Pemberitaan yang didukung oleh data ilmiah dan penelitian dapat memberikan legitimasi pada isu-isu lingkungan. Jurnalisme yang mengedepankan bukti empiris membantu menjelaskan kompleksitas masalah lingkungan kepada pembuat kebijakan, sehingga mereka lebih cenderung untuk merespons secara positif terhadap rekomendasi yang diajukan. Jurnalisme lingkungan seharusnya berperan sebagai advokat bagi kelompok-kelompok yang terdampak oleh kerusakan lingkungan. Ini mencakup penggalian informasi dari berbagai perspektif. Isu lingkungan tidak berdiri sendiri, biasanya terkait erat dengan aspek ekonomi, politik, dan sosial. Oleh karena itu, media perlu meliput masalah ini secara holistik untuk mendorong pemahaman yang lebih baik di kalangan publik. Nanti diharapkan bukan hanya masyarakat dan pemerintah bisa menentukan kebijakan.
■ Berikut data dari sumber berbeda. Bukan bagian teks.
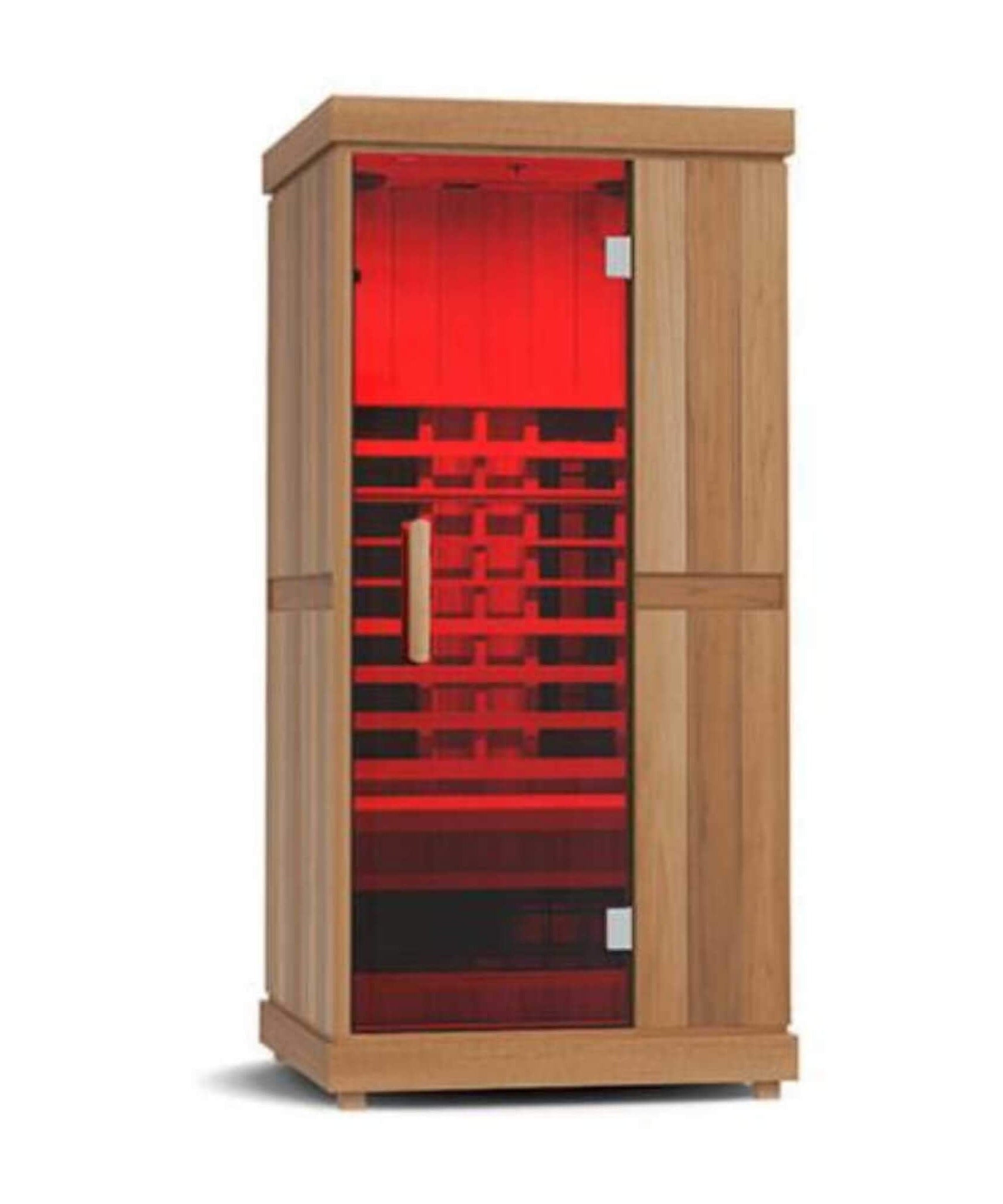 Finnmark FD-1 Full Spectrum 1-Person Home Infrared Sauna With Bluetooth Audio [FD-KN001] (SAK18374)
Dalam ceramah yang diikuti kader Muhammadiyah dari berbagai generasi tersebut, Octo Lampito mengakui jurnalisme lingkungan kurang mendapat perhatian di media massa. Karena itulah, ia mengakjak untuk kampanye lingkungan bisa memanfaatkan beberapa platform media, diantaranya adalah media sosial. Dengan cara-cara ini, jurnalisme lingkungan tidak hanya berfungsi sebagai penyampai informasi, tetapi juga sebagai agen perubahan yang dapat mempengaruhi kebijakan publik demi keberlanjutan lingkungan hidup di Indonesia. Melalui teori agenda-setting, jurnalisme lingkungan dapat mengarahkan perhatian publik dan pembuat kebijakan pada isu-isu tertentu. Ketika media secara konsisten meliput masalah lingkungan, seperti kebakaran hutan atau deforestasi, hal ini dapat meningkatkan urgensi di mata publik dan mendorong pemerintah untuk mengambil tindakan. Misalnya, kampanye media yang berfokus pada bahaya plastik di lautan dapat memicu pemerintah untuk mengeluarkan kebijakan pengurangan penggunaan plastik. (Ioc)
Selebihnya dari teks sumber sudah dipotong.